━━━ Provided records ━━━

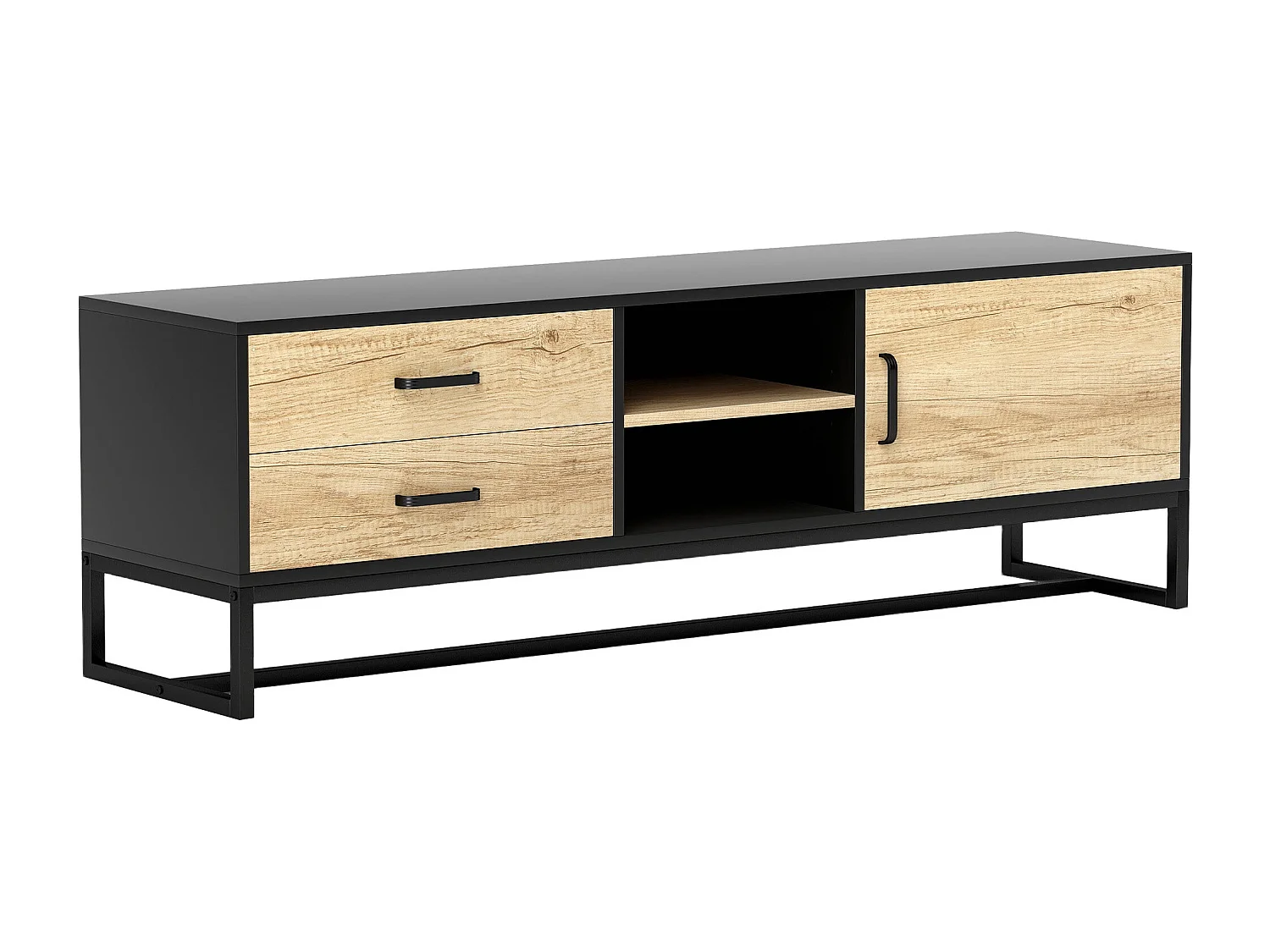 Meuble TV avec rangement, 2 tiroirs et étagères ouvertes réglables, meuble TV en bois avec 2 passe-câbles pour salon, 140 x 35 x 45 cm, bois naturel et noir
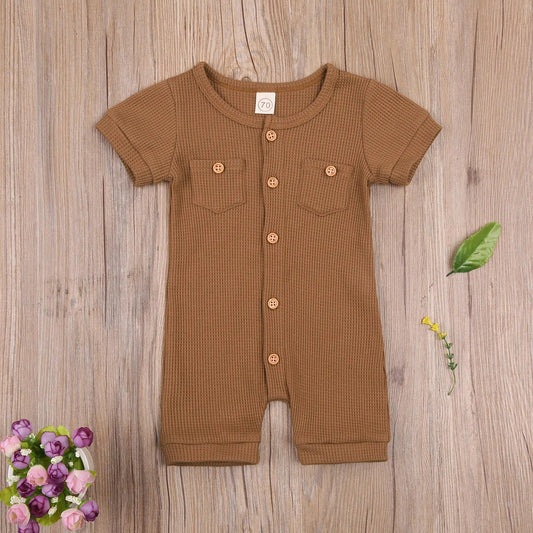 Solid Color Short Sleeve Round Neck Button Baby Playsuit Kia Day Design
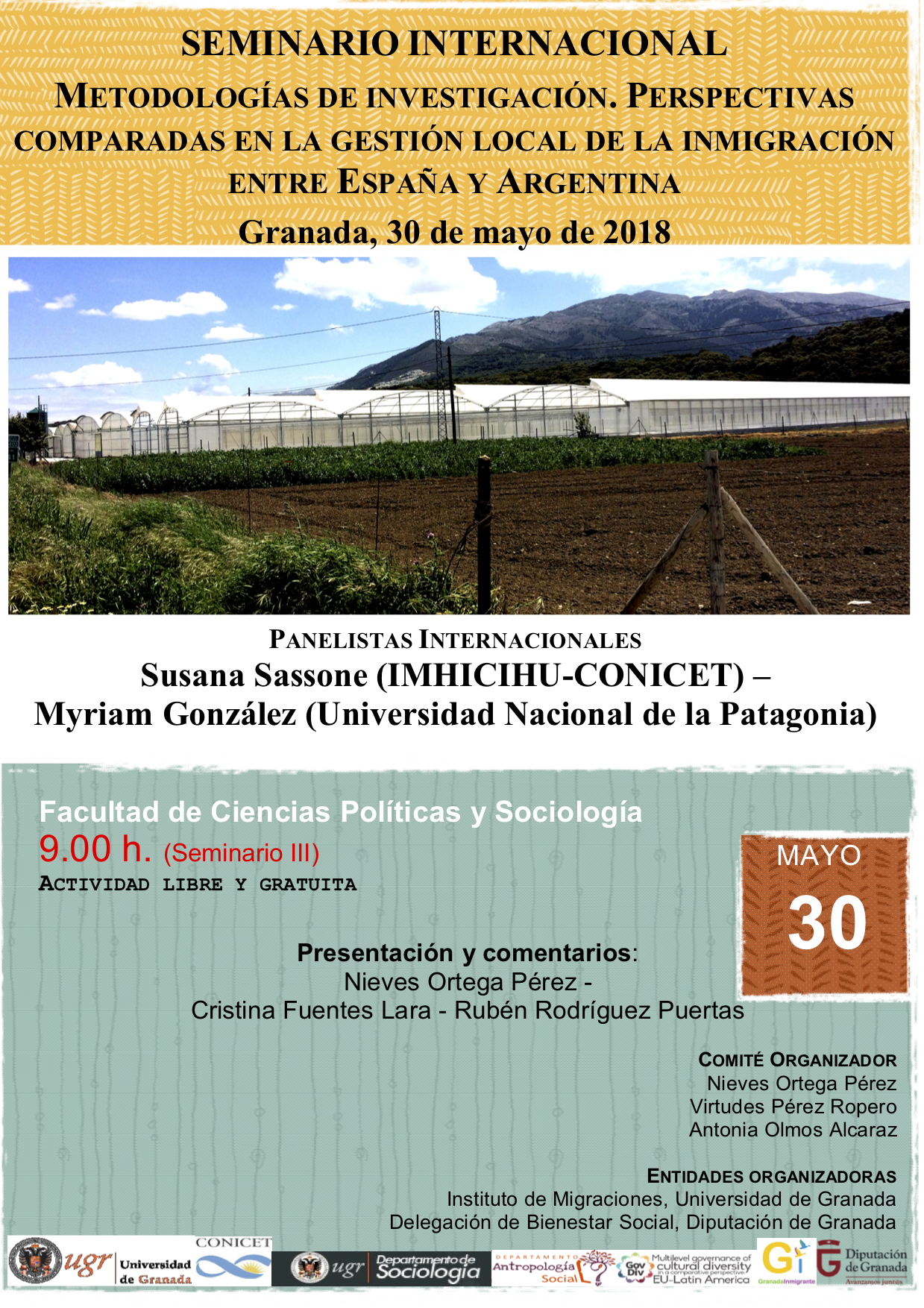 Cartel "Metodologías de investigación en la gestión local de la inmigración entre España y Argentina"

━━━
━━━ Provided records ━━━

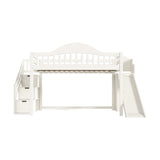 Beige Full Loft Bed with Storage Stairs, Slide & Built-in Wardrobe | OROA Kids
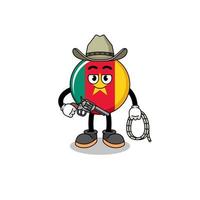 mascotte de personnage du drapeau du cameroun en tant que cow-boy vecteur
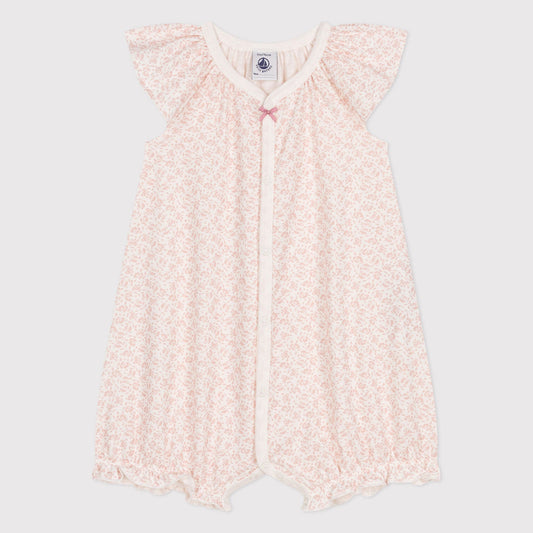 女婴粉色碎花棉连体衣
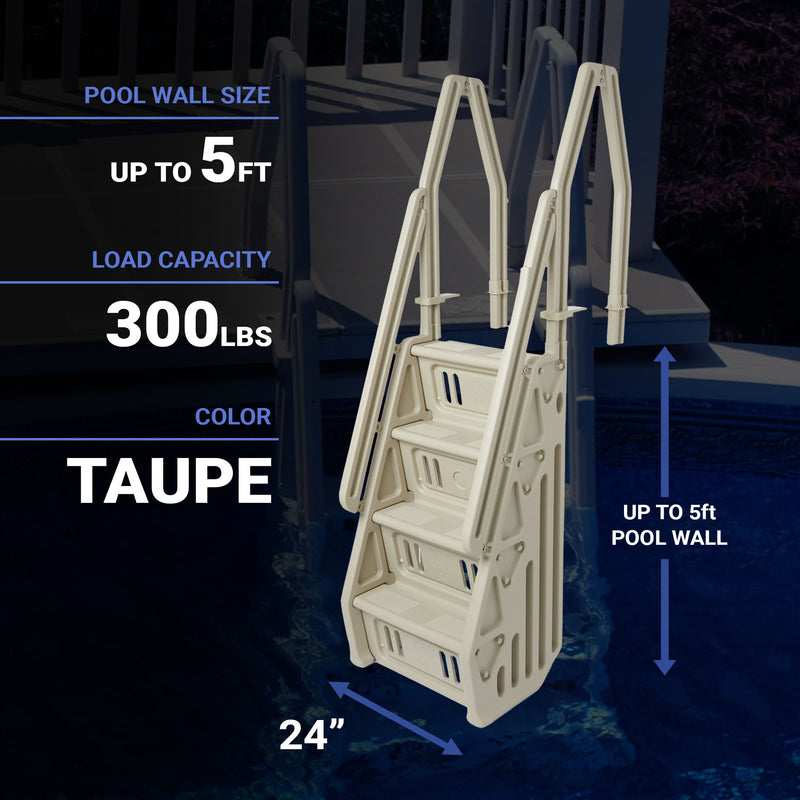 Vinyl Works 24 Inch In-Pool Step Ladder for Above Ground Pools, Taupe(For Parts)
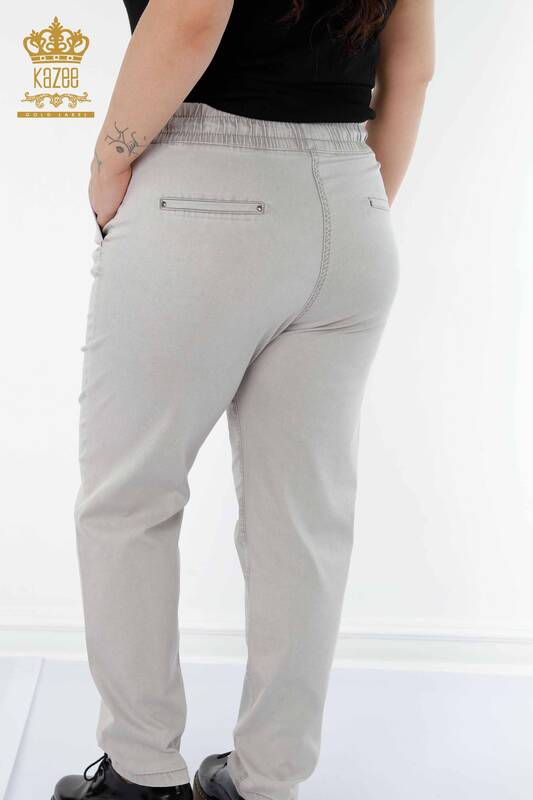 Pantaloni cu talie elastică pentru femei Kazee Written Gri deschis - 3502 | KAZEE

━━━

> _Exercise goal_:
Only the lines above starting with the line with "Vinyl Works 24" and going on through the line with "Pantaloni cu talie" belong in the answer; repeat them exactly, minus any picture.

> _Result of this exercise_:
 Vinyl Works 24 Inch In-Pool Step Ladder for Above Ground Pools, Taupe(For Parts)
 Pantaloni cu talie elastică pentru femei Kazee Written Gri deschis - 3502 | KAZEE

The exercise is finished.